__Your task__. Reproduce exactly the lines from the one containing "Personnage mascotte d un..." through the end of the listing, minus the pictures.
____________________
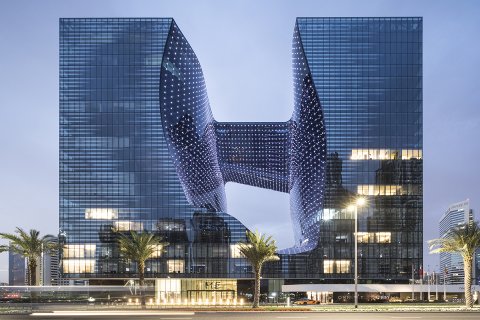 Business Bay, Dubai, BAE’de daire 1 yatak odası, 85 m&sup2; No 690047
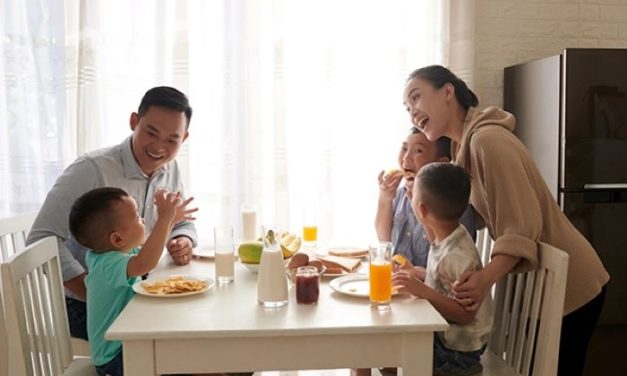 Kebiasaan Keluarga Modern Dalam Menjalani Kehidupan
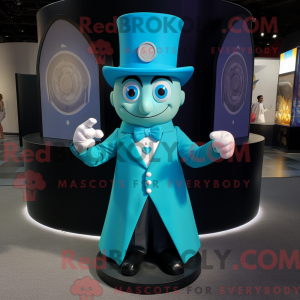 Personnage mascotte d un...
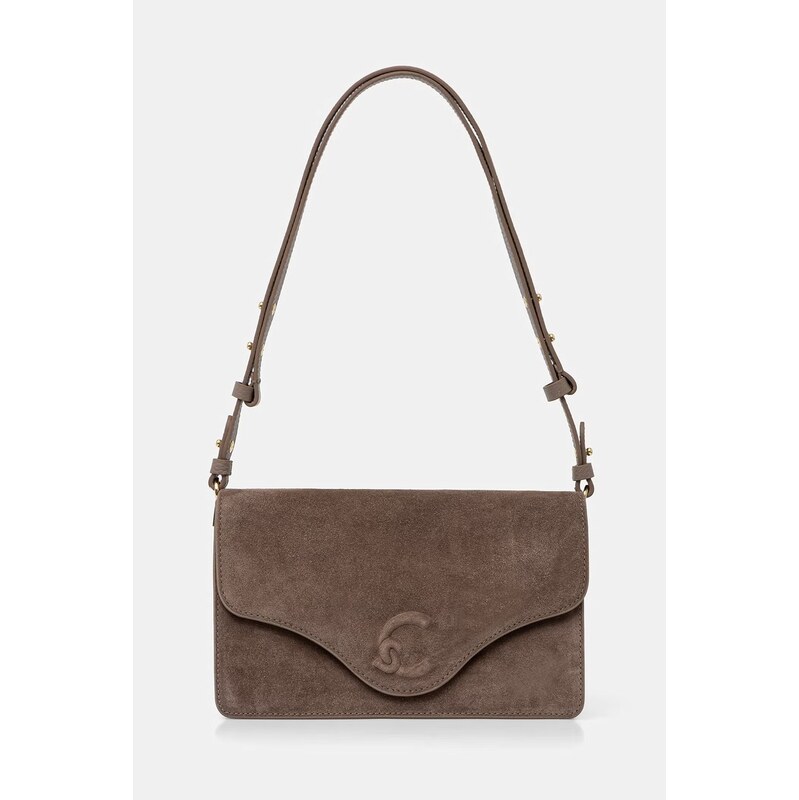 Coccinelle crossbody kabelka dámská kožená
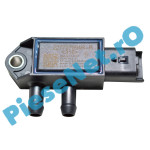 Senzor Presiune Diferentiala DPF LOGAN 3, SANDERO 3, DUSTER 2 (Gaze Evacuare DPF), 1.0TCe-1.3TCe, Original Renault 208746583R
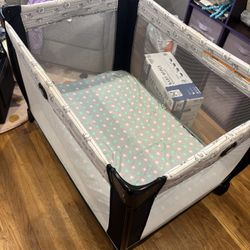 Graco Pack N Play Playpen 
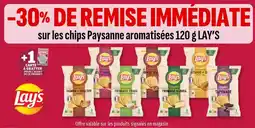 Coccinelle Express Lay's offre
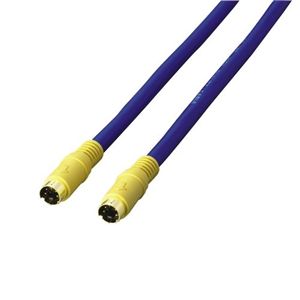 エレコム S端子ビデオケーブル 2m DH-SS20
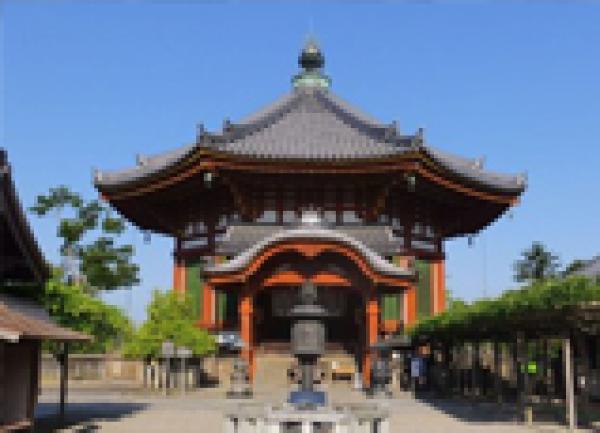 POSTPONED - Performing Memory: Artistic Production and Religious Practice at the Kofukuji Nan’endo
____________________
__Exercise answer__.
 Personnage mascotte d un...
 Coccinelle crossbody kabelka dámská kožená
 Senzor Presiune Diferentiala DPF LOGAN 3, SANDERO 3, DUSTER 2 (Gaze Evacuare DPF), 1.0TCe-1.3TCe, Original Renault 208746583R
 Graco Pack N Play Playpen 
 Coccinelle Express Lay's offre
 エレコム S端子ビデオケーブル 2m DH-SS20
 POSTPONED - Performing Memory: Artistic Production and Religious Practice at the Kofukuji Nan’endo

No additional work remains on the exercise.